(WHAT TO DO):
All entries below are to be written out again exactly, but no picture is to be copied.
[Start of section]
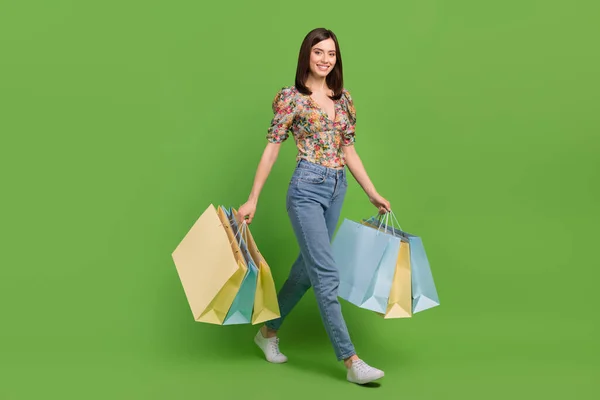 Voller Länge Foto Von Jungen Mädchen Shopping Liebhaber Werbung Neue — Stockfoto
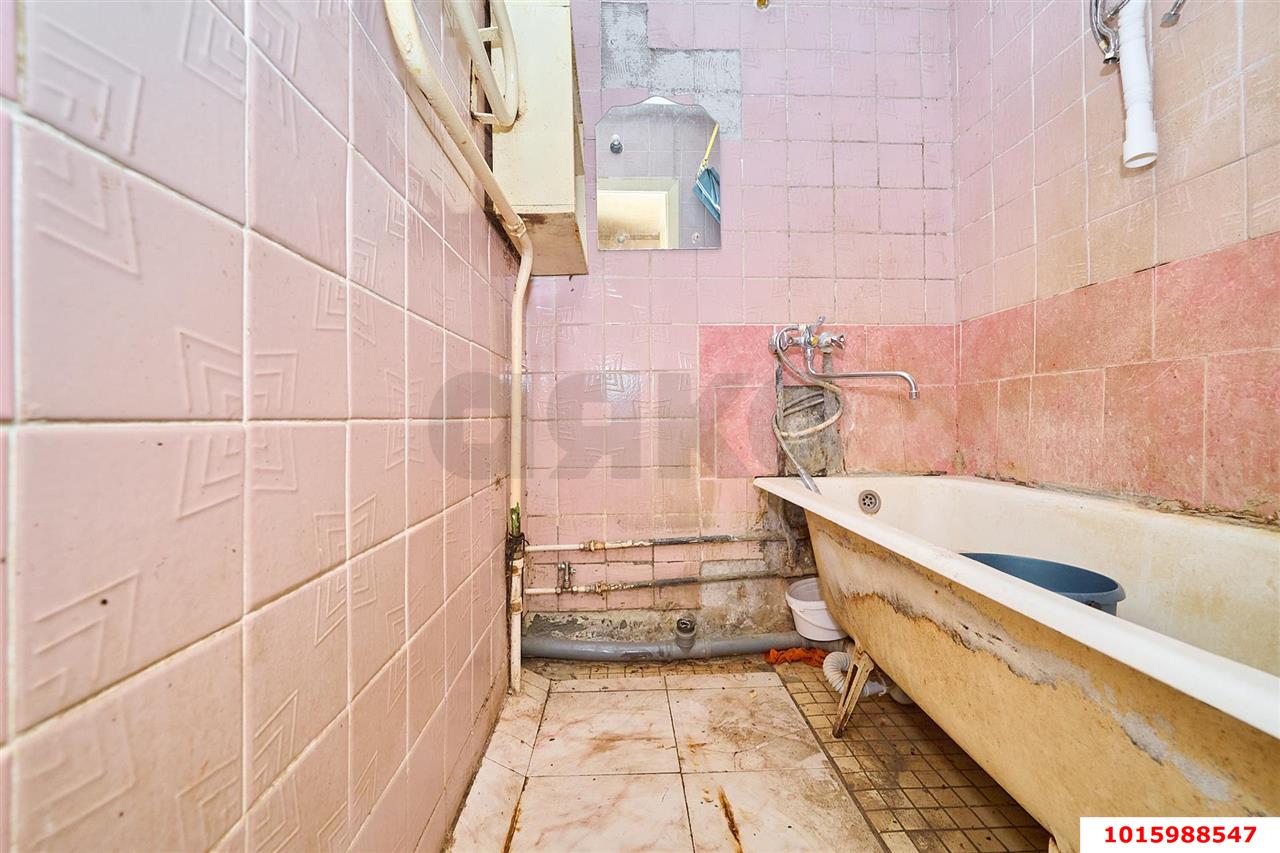 Фото №12: 3-комнатная квартира 50&nbsp;м², 3/5&nbsp;эт. - Краснодар, Прикубанский внутригородской округ, мкр. Фестивальный, ул. Атарбекова, 21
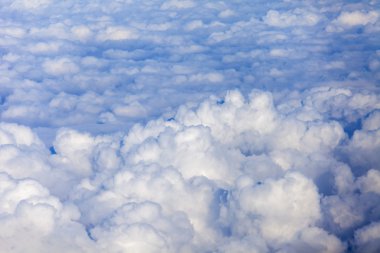 uçak Görünümü penceresinden pitoresk beyaz bulutlar üzerinde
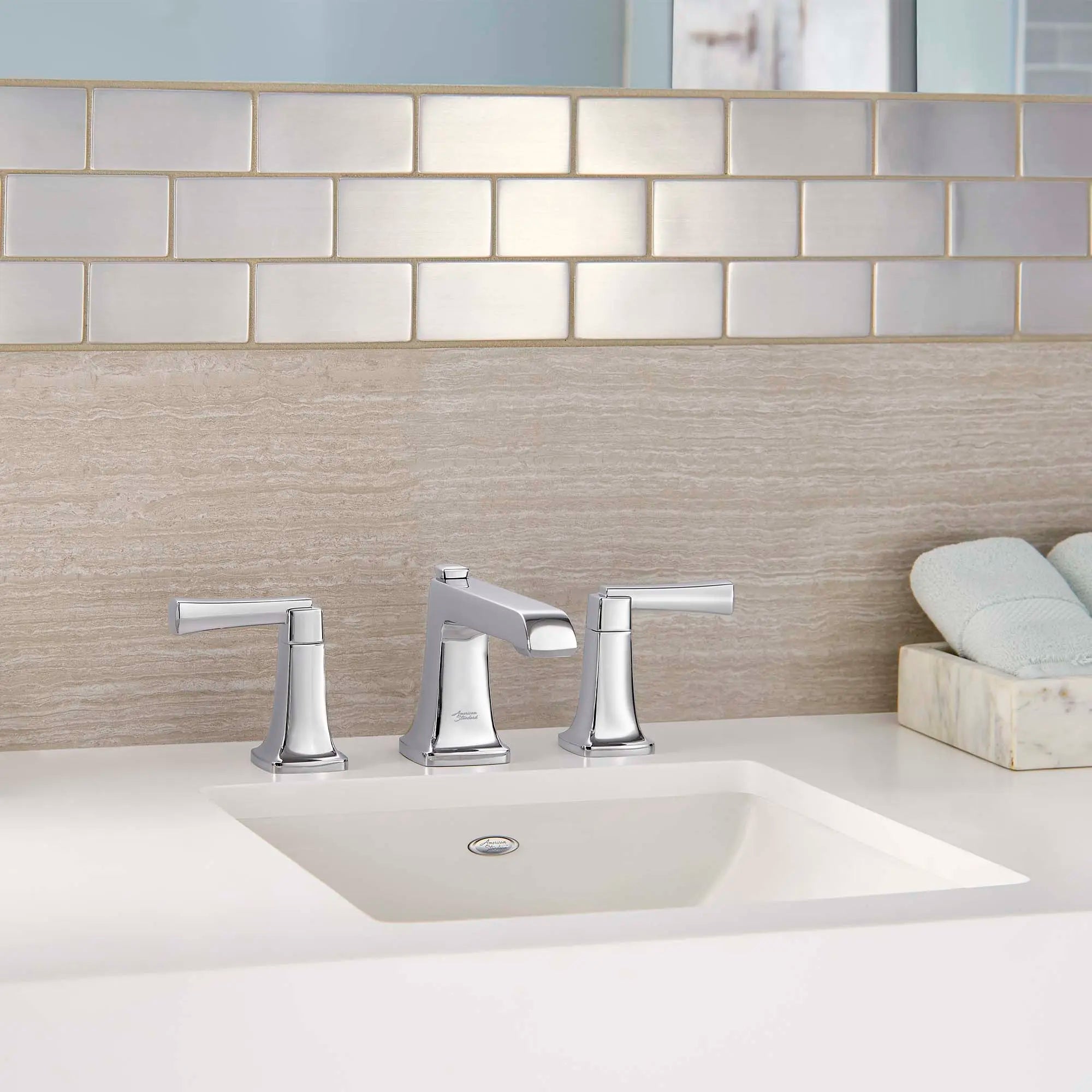 Townsend® - Robinet de salle de bain à 2 poignées espacées de 8 po 1,2 gpm/4,5 L/min avec poignées à levier // CHROME POLI // 77889_B-7353841.002_CDNwebp.webp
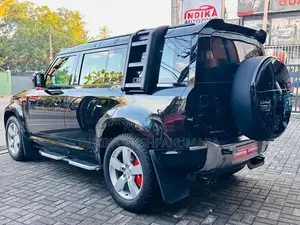 Land Rover Defender P300 HSE 7 Seater 2023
[End of section]
(TASK RESULT):
 Voller Länge Foto Von Jungen Mädchen Shopping Liebhaber Werbung Neue — Stockfoto
 Фото №12: 3-комнатная квартира 50&nbsp;м², 3/5&nbsp;эт. - Краснодар, Прикубанский внутригородской округ, мкр. Фестивальный, ул. Атарбекова, 21
 uçak Görünümü penceresinden pitoresk beyaz bulutlar üzerinde
 Townsend® - Robinet de salle de bain à 2 poignées espacées de 8 po 1,2 gpm/4,5 L/min avec poignées à levier // CHROME POLI // 77889_B-7353841.002_CDNwebp.webp
 Land Rover Defender P300 HSE 7 Seater 2023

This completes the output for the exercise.